In this case, Wenthur will be using the haptens to suppress the effects of ketamine itself and separately suppress the effects of the metabolite hydroxynorketamine.
“If we can take apart this mixture and figure out which molecules are causing the positive effects and which are causing the dissociative psychotic effects, the two could be independently isolated. You could potentially have a much more accessible therapeutic for a broader range of patients,” he says.
Their results are promising so far.
“In animal models, we’ve found that our vaccine can successfully block the effects of ketamine in a dose-dependent manner,” says Zheng. “This indicates we might be able to generate ketamine antibodies which can bind ketamine and block it from entering the central neural system.”
Throughout the experiments, the Wenthur Lab will be building up a database of information about the molecules and what they do in isolation and in combination.

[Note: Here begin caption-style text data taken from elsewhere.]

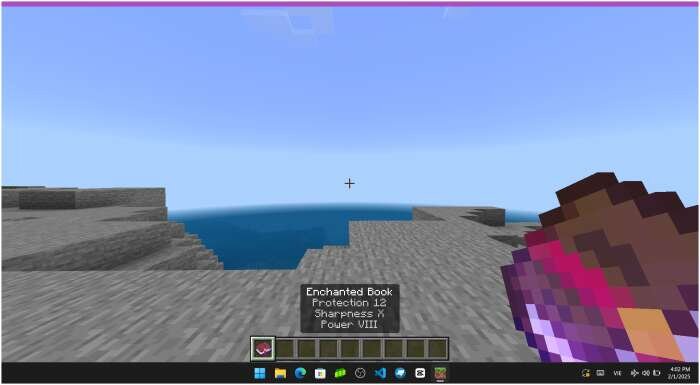 Игрок с Зачарованной книгой в руке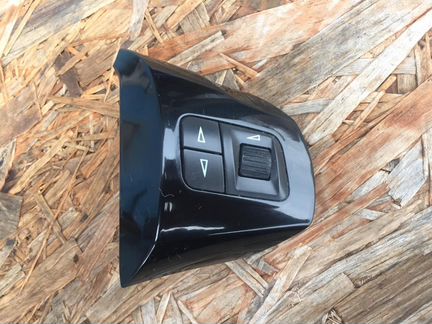 Кнопки в руль правые Opel Corsa D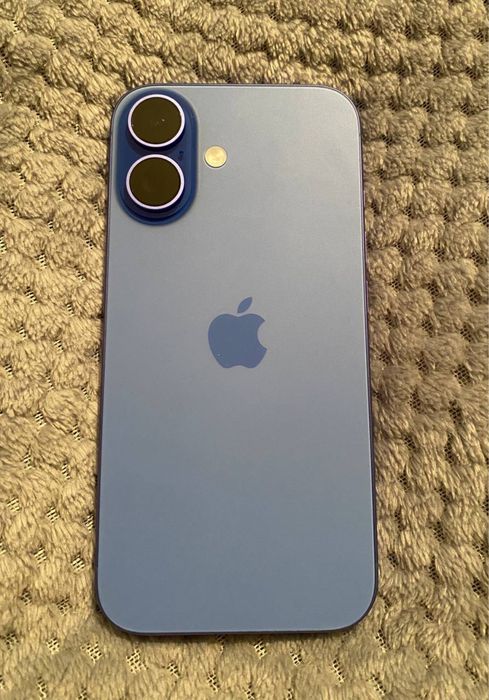 Iphone 16 (128 гб)
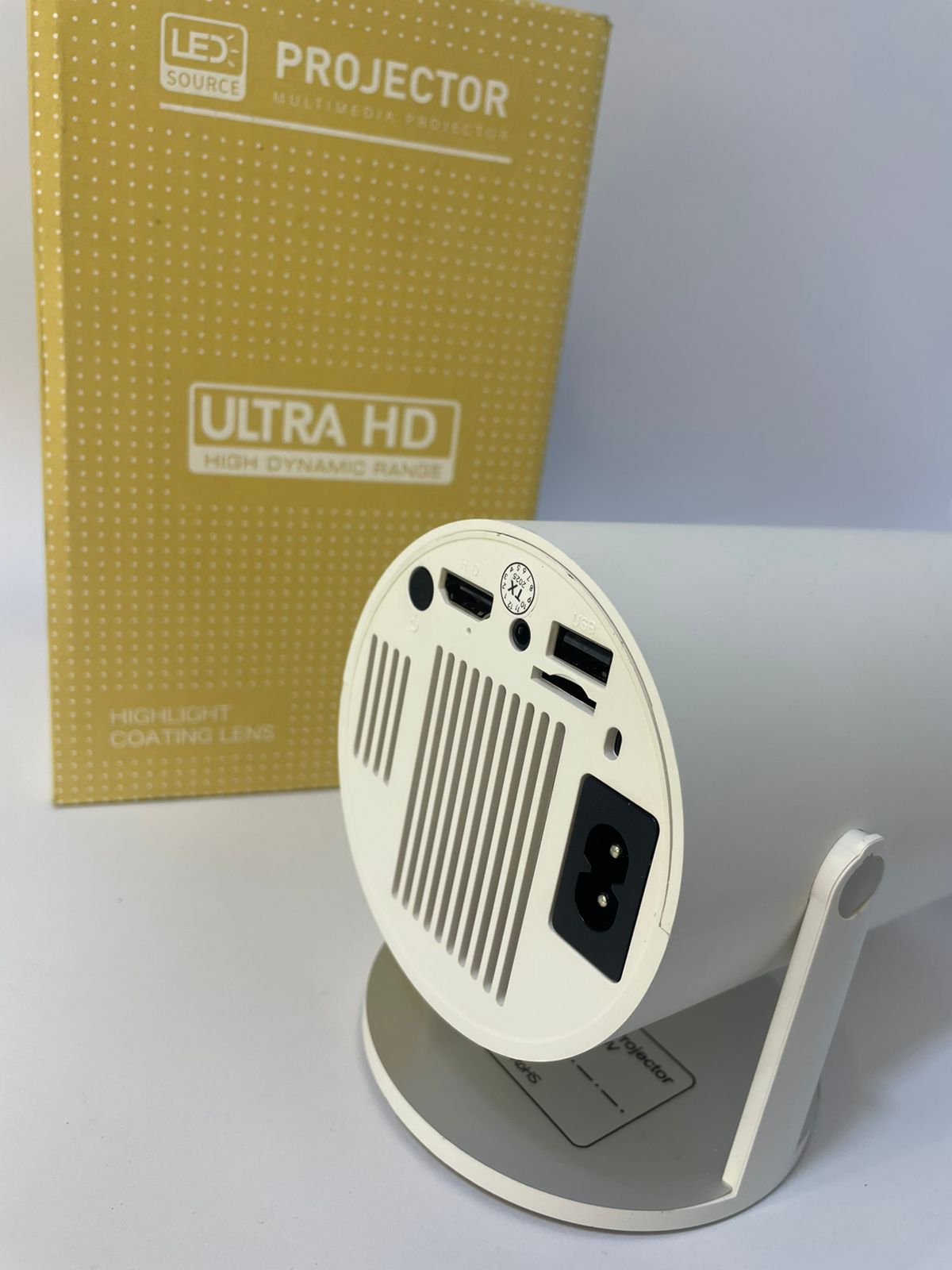 PROYECTOR HY300 CON MAGIS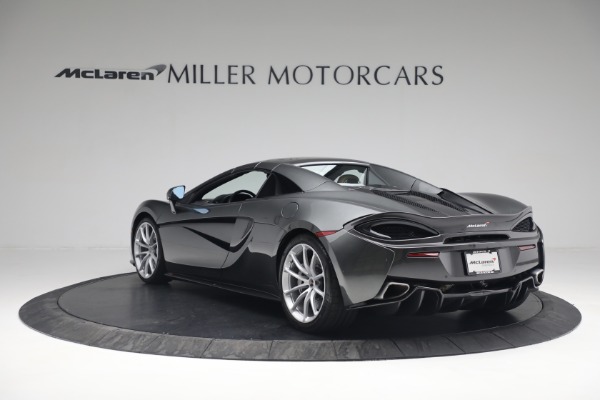 Used 2018 McLaren 570S Spider for sale $189,900 at Rolls-Royce Motor Cars Greenwich in Greenwich CT 06830 18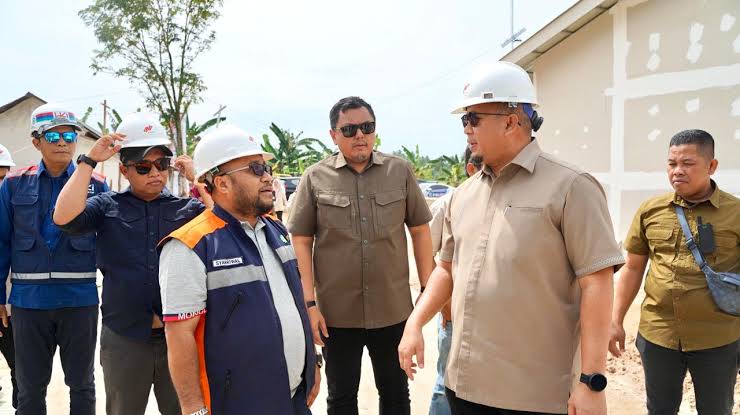 diresmikan-25-januari,-andre-rosiade-pastikan-kenyamanan-penghuni-huntara-batang-anai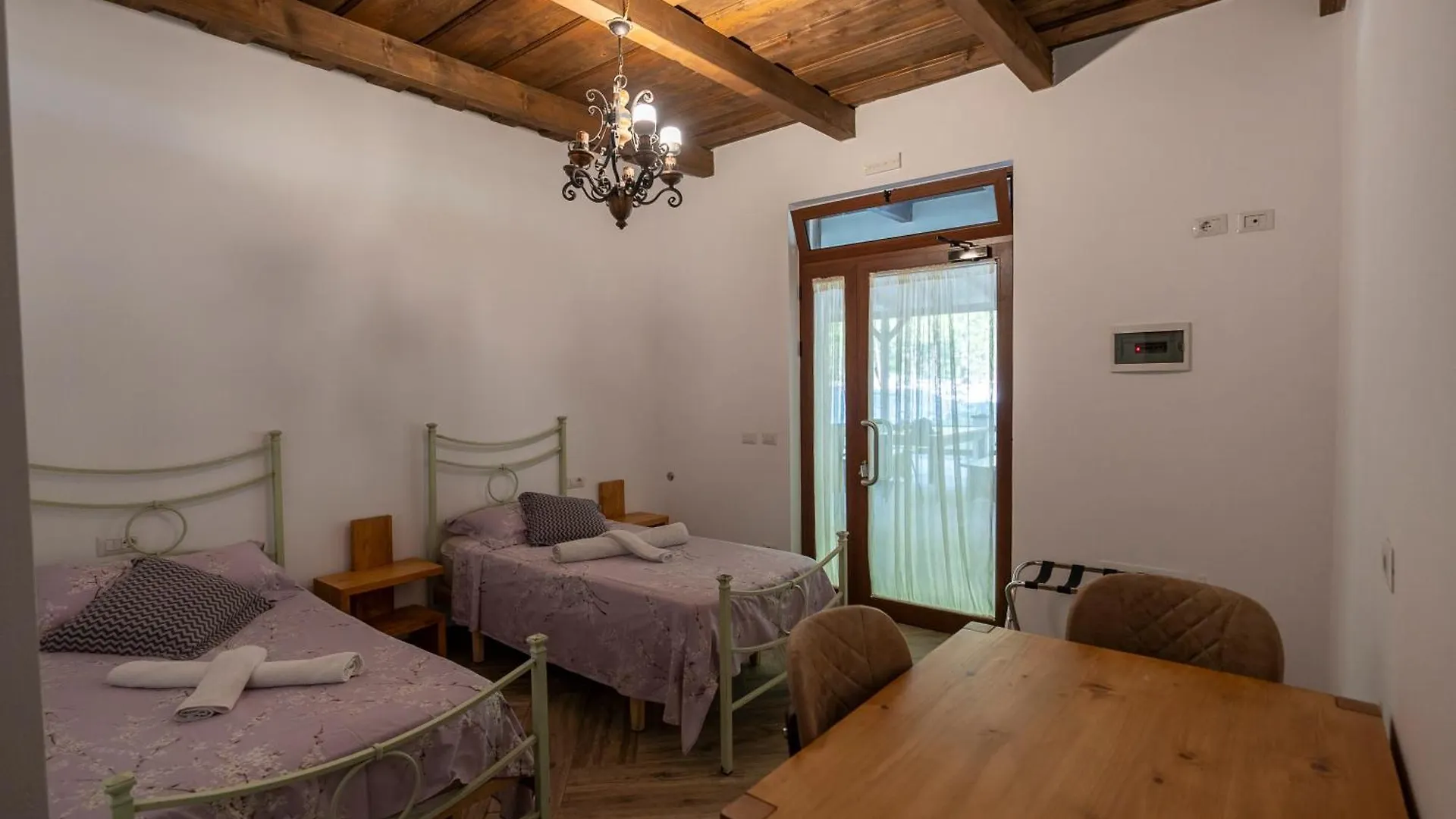 Guesthouse Veni I Gjyshit Nderlysaj Albanië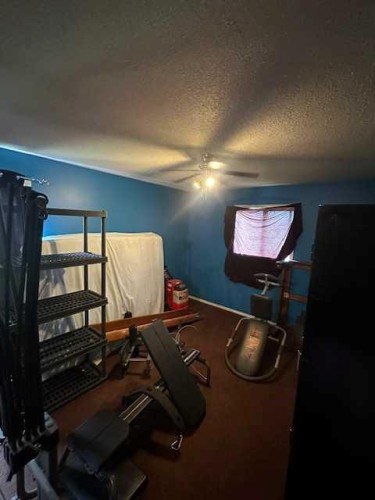 406 Fox Lake Trail, Hanna, AB - Indoor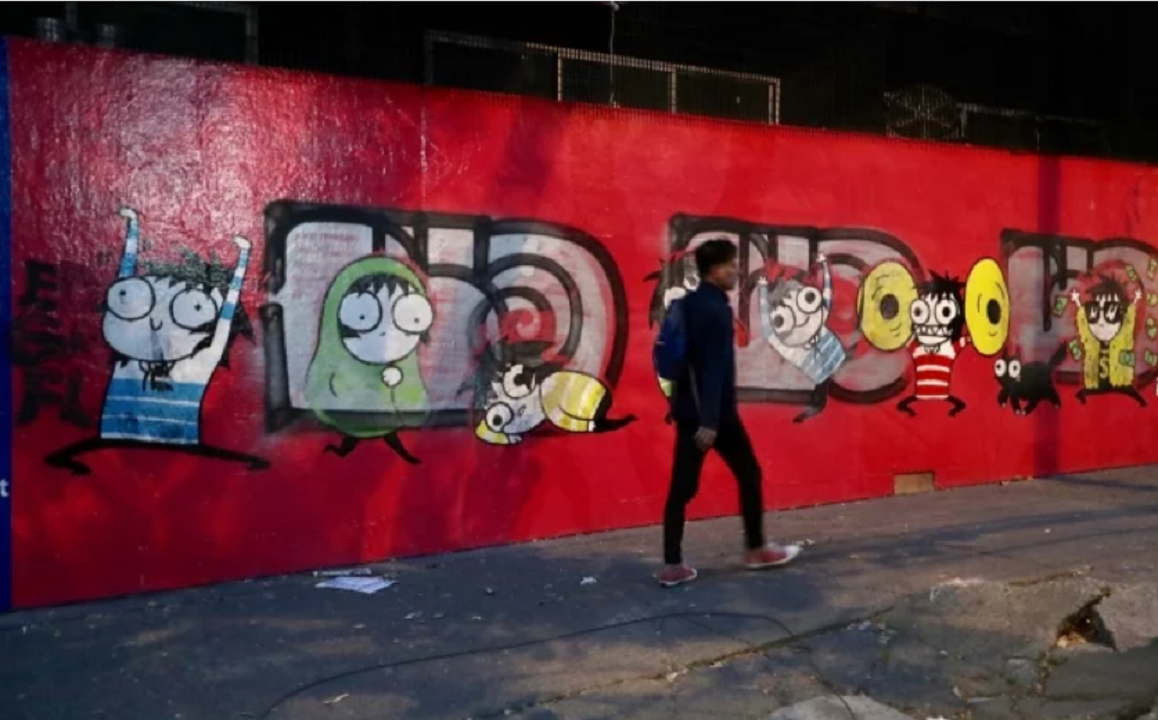 En menos de una semana, vandalizan mural de Sarah Andersen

“We have information about what doses of ketamine and hydroxynorketamine independently have antidepressant activity, as well as pharmacokinetic data on when these molecules enter the brain after administration,” he says. “We can answer questions about the onset, the time of metabolism, and how that relates to when molecules are likely to be present on their own versus periods where they will be co-present.”
Capturing neuronal changes
After the haptens are created and proven effective, the Wenthur Lab will be moving on to a second stage of data collection that involves using advanced microscopy techniques to capture images of a full brain structure.
First, he will clarify the brains of animal models and label activated neurons for ketamine, hydroxynorketamine, or both. Using light sheet microscopy, Wenthur and Zheng will be able to trace the intricate circuits that will be activated in the neuronal ensembles.
“We should be able to see a wiring diagram of what’s getting turned on for either one set of receptors, the other set, or both at the same time,” Wenthur says.
“Millions of additional individuals with psychiatric disorders would stand to benefit from ketamine-relevant therapeutics.”
With the identified neuronal ensembles, the genetically modified animals will be used to tag the neurons that will be activated and then chemically ablate them with a molecule that will seek out and kill the tagged neurons.
He mentions this is useful because he can run them through a behavioral paradigm in the presence of the drug.
For the first pass, they will do what they normally do, and the neurons will be labelled. For the second pass, however, he will examine whether the drug has lost its ability to affect change after the activated neurons have been killed.
This step is crucial, and should there be a behavioral change, the results would be groundbreaking: the activation of the neurons from each independent drug (or a mixture) can be causally related to behavioral change, paving the way for an improved therapeutic.
“By understanding the mechanism of action for ketamine, we might be able to give out new psychiatric therapeutics that mimic ketamine’s beneficial properties while avoiding its substantial adverse risks,” says Zheng. “In this way, millions of additional individuals with psychiatric disorders would stand to benefit from ketamine-relevant therapeutics.”